Jumat, 07 November 2014

LIN.. AKU KANGEN

Gus beringsut pelan dari tidurnya. Takut perempuan yang pulas di sampingnya terbangun karenanya. Jam dinding di ruang tamu telah beberapa lamanya berdentang duabelas kali.
Terdengar dalam ruangan seperti palu yang menghantam hantam jantungnya atau semua penghuni rumah ini juga. Entahlah. Selalu terasa suara jam itu begitu keras untuknya sehingga selalu ia terbangun karenanya. Berbanding terbalik dengan suara ibunya yang begitu lembut saat membangunkan dirinya.

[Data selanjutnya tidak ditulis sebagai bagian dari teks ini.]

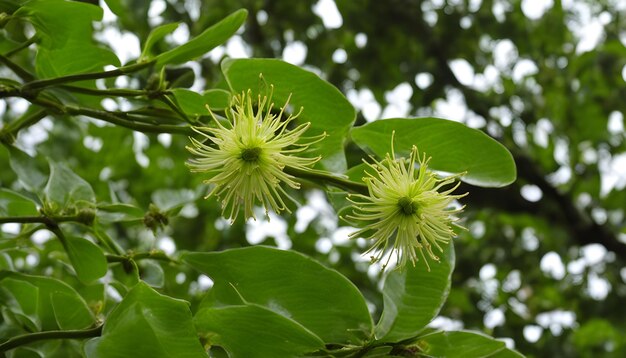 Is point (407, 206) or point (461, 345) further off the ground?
point (407, 206)

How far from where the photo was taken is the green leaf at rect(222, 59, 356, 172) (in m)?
0.64

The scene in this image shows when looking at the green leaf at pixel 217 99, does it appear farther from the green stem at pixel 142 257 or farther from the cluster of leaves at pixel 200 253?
the green stem at pixel 142 257

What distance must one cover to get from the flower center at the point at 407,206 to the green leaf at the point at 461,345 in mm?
101

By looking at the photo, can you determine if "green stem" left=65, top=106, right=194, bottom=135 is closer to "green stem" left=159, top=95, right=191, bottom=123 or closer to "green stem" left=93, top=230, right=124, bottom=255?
"green stem" left=159, top=95, right=191, bottom=123

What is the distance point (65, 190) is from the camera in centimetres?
77

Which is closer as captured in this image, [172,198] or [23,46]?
[23,46]

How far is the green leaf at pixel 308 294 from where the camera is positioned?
23.5 inches

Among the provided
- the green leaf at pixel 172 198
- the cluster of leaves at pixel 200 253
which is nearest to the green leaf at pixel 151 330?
the cluster of leaves at pixel 200 253

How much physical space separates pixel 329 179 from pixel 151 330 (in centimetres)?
19

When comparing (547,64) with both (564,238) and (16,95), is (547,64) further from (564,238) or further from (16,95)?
(16,95)

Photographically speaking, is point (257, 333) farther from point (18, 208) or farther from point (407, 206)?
point (18, 208)

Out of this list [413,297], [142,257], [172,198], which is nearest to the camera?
[413,297]

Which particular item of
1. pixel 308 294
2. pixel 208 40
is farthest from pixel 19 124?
pixel 308 294

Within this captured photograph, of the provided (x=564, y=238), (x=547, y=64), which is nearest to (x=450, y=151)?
(x=564, y=238) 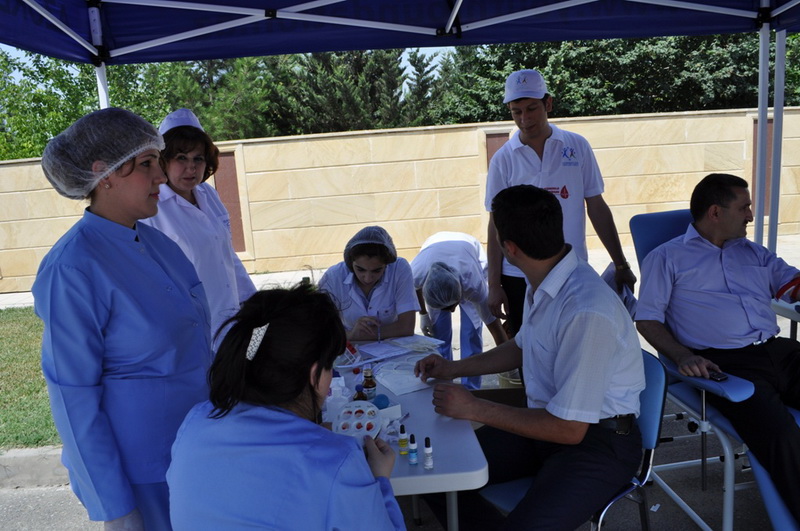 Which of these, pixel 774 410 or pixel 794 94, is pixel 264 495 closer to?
pixel 774 410

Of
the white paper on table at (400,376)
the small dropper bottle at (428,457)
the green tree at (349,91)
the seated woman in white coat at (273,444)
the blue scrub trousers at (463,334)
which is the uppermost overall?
the green tree at (349,91)

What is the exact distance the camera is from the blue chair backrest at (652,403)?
1.87 m

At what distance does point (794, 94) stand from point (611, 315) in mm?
18377

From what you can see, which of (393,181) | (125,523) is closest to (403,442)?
(125,523)

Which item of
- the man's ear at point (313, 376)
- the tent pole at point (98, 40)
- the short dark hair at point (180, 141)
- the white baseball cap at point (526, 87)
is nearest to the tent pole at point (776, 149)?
the white baseball cap at point (526, 87)

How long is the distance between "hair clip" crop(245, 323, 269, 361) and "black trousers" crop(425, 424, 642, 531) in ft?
3.07

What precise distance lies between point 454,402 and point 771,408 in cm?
117

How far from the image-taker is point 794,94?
16609 millimetres

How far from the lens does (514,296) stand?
329 centimetres

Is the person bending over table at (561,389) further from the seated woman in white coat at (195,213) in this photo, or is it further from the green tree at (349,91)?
the green tree at (349,91)

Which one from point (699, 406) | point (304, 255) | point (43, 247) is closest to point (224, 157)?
point (304, 255)

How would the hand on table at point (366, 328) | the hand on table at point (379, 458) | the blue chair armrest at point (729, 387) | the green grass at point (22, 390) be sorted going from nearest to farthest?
1. the hand on table at point (379, 458)
2. the blue chair armrest at point (729, 387)
3. the hand on table at point (366, 328)
4. the green grass at point (22, 390)

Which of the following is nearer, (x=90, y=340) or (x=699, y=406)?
(x=90, y=340)

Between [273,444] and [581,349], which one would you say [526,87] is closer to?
[581,349] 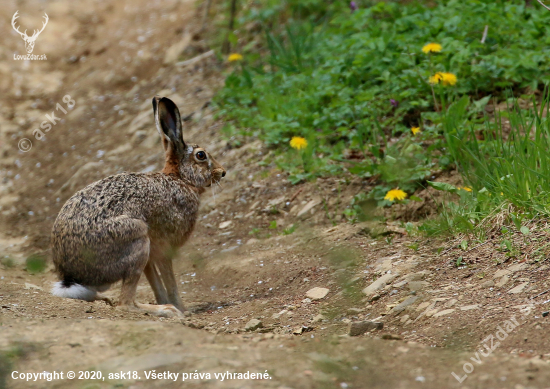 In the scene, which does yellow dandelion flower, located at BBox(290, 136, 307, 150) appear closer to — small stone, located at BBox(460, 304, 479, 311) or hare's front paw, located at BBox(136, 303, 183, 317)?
hare's front paw, located at BBox(136, 303, 183, 317)

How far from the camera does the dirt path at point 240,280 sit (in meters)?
3.24

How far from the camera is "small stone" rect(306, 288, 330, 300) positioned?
513 cm

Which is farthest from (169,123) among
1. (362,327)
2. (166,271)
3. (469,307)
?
(469,307)

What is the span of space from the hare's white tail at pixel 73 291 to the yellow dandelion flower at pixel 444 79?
163 inches

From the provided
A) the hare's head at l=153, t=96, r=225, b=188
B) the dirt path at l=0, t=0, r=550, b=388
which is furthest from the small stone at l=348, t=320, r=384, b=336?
the hare's head at l=153, t=96, r=225, b=188

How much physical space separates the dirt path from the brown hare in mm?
315

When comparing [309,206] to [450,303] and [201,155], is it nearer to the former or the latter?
[201,155]

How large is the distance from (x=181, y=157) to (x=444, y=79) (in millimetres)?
3042

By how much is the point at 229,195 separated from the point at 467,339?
14.4 ft

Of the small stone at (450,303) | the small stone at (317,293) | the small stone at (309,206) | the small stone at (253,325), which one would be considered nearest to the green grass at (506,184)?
the small stone at (450,303)

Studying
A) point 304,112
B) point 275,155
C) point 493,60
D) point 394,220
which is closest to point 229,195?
point 275,155

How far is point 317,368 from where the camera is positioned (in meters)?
3.18

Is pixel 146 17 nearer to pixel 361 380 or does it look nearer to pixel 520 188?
pixel 520 188

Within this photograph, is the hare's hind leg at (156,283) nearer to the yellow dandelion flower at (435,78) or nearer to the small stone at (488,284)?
the small stone at (488,284) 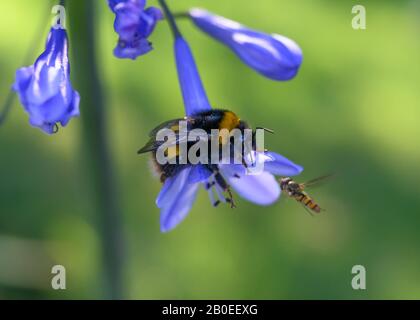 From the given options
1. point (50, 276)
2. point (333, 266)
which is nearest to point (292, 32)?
point (333, 266)

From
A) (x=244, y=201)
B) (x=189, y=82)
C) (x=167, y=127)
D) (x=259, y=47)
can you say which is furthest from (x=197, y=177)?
(x=244, y=201)

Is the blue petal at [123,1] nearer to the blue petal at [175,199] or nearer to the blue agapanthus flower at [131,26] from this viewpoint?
the blue agapanthus flower at [131,26]

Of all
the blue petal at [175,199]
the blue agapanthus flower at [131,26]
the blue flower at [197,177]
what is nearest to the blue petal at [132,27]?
the blue agapanthus flower at [131,26]

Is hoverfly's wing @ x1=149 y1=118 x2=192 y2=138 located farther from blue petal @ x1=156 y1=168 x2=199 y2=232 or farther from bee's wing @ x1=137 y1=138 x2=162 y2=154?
blue petal @ x1=156 y1=168 x2=199 y2=232

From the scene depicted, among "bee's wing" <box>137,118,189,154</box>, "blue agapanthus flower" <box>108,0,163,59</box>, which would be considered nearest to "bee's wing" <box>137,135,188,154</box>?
"bee's wing" <box>137,118,189,154</box>

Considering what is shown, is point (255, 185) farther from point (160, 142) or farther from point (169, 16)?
point (169, 16) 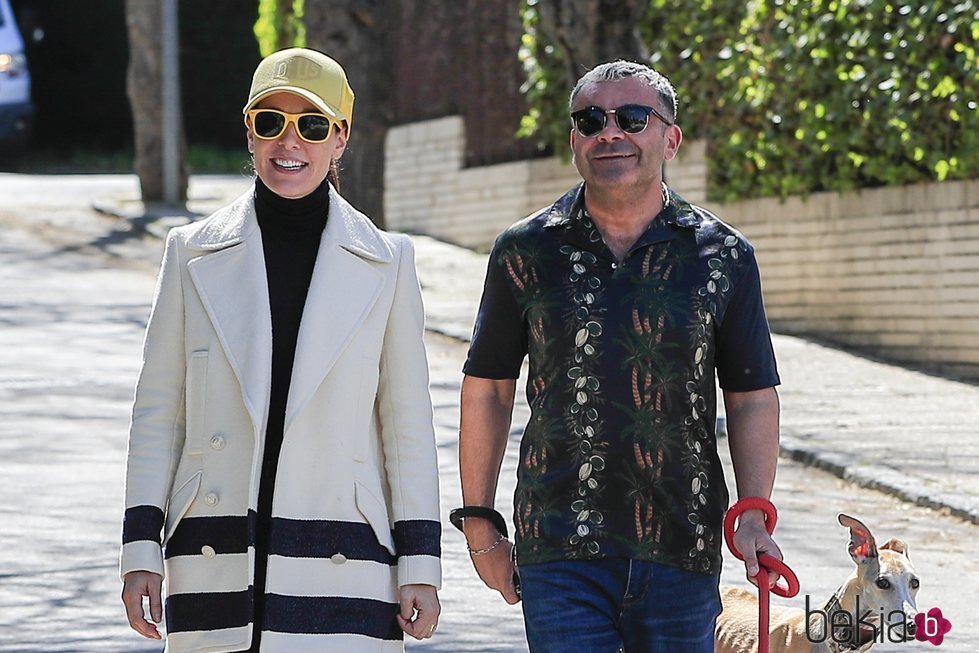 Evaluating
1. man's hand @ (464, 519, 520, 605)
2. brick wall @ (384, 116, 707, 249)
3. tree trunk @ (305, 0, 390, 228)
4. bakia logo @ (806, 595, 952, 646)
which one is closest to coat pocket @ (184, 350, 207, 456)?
man's hand @ (464, 519, 520, 605)

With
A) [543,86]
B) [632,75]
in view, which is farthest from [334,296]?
[543,86]

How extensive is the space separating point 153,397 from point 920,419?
8.72 meters

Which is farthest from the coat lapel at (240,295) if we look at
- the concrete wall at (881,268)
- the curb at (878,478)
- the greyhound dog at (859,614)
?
the concrete wall at (881,268)

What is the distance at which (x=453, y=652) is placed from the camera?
21.7 ft

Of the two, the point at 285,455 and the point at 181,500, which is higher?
the point at 285,455

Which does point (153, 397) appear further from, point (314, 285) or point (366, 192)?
point (366, 192)

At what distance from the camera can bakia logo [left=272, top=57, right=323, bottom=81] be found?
4043 mm

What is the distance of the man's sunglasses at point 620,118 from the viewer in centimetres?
412

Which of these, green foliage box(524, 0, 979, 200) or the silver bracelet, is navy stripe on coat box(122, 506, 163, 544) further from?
green foliage box(524, 0, 979, 200)

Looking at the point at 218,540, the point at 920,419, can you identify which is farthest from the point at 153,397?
the point at 920,419

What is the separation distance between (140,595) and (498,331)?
1.02 metres

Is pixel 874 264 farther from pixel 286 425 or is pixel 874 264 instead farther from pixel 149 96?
pixel 149 96

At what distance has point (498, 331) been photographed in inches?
166

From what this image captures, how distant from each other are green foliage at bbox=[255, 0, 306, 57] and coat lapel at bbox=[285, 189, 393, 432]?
21462mm
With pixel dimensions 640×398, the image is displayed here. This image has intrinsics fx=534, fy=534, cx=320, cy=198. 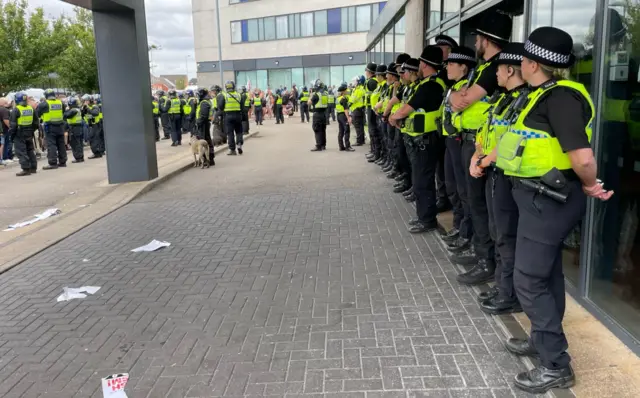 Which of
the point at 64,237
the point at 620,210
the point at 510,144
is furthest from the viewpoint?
the point at 64,237

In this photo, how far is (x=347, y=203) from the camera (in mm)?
8422

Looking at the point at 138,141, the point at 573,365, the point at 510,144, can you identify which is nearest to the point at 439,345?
the point at 573,365

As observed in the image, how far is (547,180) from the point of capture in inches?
117

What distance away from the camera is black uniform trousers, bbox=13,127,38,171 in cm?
1328

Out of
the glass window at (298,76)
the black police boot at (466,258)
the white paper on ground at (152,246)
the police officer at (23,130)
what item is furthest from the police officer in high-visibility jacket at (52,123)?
the glass window at (298,76)

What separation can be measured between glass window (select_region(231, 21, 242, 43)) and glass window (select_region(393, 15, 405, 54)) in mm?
37405

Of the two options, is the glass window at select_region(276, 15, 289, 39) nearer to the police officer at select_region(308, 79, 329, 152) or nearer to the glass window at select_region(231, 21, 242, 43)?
the glass window at select_region(231, 21, 242, 43)

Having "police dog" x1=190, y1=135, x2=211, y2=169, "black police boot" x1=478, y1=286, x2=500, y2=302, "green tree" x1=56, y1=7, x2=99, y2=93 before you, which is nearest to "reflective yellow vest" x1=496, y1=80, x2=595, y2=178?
"black police boot" x1=478, y1=286, x2=500, y2=302

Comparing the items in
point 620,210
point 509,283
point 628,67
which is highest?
point 628,67

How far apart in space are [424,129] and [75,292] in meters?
4.10

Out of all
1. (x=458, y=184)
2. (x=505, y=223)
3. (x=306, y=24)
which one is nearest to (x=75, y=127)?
(x=458, y=184)

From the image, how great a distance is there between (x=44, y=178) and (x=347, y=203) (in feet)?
28.1

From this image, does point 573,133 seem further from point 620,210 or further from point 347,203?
point 347,203

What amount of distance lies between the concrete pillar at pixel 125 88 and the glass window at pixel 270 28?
129 feet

Ibu, ah… Gus teringat perempuan tua yang telah melahirkannya itu. Rambutnya yang putih seolah menjadi saksi berapa lama ia memasung egonya untuk anak semata wayangnya itu. Keriput di tangannya bercerita tentang kerasnya hidup yang sudah dijalaninya. Ah.. ibu.. berapa lama Gus tak mengunjungi makamnya.
Berbulan bulan sejak ia tinggalkan kota kelahirannya untuk tinggal di rumah yang membuatnya merasa kosong. Ia teringat kota kelahirannya. Setiap pagi di hari minggu, ia akan bercengkrama di pasar burung, dengan beberapa pedagang yang dikenalnya. Hampir tiap malam dia menghabiskan waktu di taman kota sambil melukis atau sekedar ngobrol dengan rekan rekannya. Gus rindu.
Gus menghela nafas. Diraihnya sebungkus kretek dari dalam laci meja di sebelah tempat tidurnya. Hanya ini yang tidak mampu diturutinya dari semua permintaan istrinya. Gus tidak boleh memakai pakaian sembarangan kalau keluar rumah, apalagi hanya memakai kaos doplang dan celana pendek seperti saat dia di rumahnya sendiri. Gus tidak boleh makan dengan tangan, harus memakai sendok. Makan harus bersama di meja makan, tidak boleh mendahului. Gus tidak boleh.. tidak boleh.. tidak boleh…. Ah…persetan dengan semua itu.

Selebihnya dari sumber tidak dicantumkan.